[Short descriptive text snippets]
···
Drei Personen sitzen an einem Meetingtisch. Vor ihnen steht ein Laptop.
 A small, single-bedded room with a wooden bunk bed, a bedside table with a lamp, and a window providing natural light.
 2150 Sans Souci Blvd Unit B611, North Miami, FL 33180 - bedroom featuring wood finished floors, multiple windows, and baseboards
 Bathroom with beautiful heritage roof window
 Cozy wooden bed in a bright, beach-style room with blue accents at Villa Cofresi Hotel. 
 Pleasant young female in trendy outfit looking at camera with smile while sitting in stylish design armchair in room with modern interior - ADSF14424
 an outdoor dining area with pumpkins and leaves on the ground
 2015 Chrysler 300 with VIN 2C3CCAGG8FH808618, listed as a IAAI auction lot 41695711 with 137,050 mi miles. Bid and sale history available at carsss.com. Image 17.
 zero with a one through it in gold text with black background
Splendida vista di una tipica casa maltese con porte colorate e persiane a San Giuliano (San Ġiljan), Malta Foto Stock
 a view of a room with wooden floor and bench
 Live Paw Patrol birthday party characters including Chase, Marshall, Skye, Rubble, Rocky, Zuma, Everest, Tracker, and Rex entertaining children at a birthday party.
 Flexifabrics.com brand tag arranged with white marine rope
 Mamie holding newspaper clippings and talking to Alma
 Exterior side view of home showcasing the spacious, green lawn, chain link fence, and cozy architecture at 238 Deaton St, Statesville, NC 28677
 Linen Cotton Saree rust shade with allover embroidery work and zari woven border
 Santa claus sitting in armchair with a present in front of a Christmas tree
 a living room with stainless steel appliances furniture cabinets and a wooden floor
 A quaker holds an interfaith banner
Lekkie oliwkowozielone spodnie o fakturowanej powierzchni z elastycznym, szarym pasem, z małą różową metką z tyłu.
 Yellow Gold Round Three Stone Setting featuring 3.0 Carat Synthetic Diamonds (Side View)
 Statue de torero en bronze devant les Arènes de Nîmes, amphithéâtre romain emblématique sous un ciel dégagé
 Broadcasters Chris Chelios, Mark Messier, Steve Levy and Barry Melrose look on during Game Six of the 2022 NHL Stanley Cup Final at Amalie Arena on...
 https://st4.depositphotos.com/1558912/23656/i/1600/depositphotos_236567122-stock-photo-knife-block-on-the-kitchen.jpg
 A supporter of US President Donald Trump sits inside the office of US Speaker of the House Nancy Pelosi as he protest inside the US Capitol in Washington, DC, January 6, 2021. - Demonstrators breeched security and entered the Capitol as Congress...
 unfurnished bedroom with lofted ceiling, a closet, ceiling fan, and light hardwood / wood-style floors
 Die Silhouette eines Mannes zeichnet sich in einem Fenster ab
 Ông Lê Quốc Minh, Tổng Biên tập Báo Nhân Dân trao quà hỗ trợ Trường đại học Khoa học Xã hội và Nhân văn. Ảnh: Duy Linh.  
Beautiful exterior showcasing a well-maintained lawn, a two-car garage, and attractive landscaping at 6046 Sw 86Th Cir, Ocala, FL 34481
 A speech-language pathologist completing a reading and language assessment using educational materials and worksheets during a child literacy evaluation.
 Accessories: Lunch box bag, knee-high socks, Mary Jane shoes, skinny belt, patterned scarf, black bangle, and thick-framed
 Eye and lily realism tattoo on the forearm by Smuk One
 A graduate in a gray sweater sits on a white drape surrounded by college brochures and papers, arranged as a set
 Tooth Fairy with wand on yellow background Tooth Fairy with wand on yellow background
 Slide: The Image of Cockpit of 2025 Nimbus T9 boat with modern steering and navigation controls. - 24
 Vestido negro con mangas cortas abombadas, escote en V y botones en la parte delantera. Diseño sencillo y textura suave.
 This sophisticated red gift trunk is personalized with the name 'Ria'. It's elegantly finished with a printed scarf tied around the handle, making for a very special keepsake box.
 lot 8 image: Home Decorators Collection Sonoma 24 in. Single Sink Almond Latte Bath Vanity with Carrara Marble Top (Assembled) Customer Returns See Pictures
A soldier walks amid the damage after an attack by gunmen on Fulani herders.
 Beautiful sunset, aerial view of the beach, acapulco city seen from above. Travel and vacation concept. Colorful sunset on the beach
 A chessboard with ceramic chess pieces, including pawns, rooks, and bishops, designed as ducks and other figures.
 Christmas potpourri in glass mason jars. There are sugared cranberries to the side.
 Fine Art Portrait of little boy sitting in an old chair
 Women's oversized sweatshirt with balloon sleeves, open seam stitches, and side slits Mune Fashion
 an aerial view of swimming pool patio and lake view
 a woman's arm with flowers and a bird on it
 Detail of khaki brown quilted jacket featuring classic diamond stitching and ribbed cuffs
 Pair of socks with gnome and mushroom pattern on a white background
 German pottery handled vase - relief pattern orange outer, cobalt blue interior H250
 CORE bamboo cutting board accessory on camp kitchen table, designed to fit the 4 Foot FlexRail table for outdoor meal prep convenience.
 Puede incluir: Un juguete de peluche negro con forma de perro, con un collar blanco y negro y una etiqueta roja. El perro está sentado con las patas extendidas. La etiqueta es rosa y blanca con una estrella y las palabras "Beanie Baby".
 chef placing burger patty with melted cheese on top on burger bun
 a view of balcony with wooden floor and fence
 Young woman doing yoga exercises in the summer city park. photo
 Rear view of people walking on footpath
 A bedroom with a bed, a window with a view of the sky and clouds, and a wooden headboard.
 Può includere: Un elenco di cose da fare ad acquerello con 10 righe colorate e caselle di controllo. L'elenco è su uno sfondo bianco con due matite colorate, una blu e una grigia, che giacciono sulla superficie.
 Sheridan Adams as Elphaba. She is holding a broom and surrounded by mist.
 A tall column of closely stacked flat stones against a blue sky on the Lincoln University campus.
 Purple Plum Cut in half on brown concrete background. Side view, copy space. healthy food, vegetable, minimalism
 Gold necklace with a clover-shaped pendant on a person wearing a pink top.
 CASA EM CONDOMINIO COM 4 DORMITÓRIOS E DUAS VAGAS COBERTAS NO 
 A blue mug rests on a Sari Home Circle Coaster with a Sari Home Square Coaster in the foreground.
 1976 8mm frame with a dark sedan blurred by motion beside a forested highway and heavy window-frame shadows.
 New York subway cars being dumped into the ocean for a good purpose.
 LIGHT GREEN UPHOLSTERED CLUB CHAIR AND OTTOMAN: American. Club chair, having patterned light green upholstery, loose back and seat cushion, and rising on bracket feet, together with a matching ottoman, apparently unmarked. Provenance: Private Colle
···
→ **Activity**
Copy exactly the lines that run from the first line of the data to the line containing "2150 Sans Souci", please, with both ends included and nothing else.

→ **Reply**
Drei Personen sitzen an einem Meetingtisch. Vor ihnen steht ein Laptop.
 A small, single-bedded room with a wooden bunk bed, a bedside table with a lamp, and a window providing natural light.
 2150 Sans Souci Blvd Unit B611, North Miami, FL 33180 - bedroom featuring wood finished floors, multiple windows, and baseboards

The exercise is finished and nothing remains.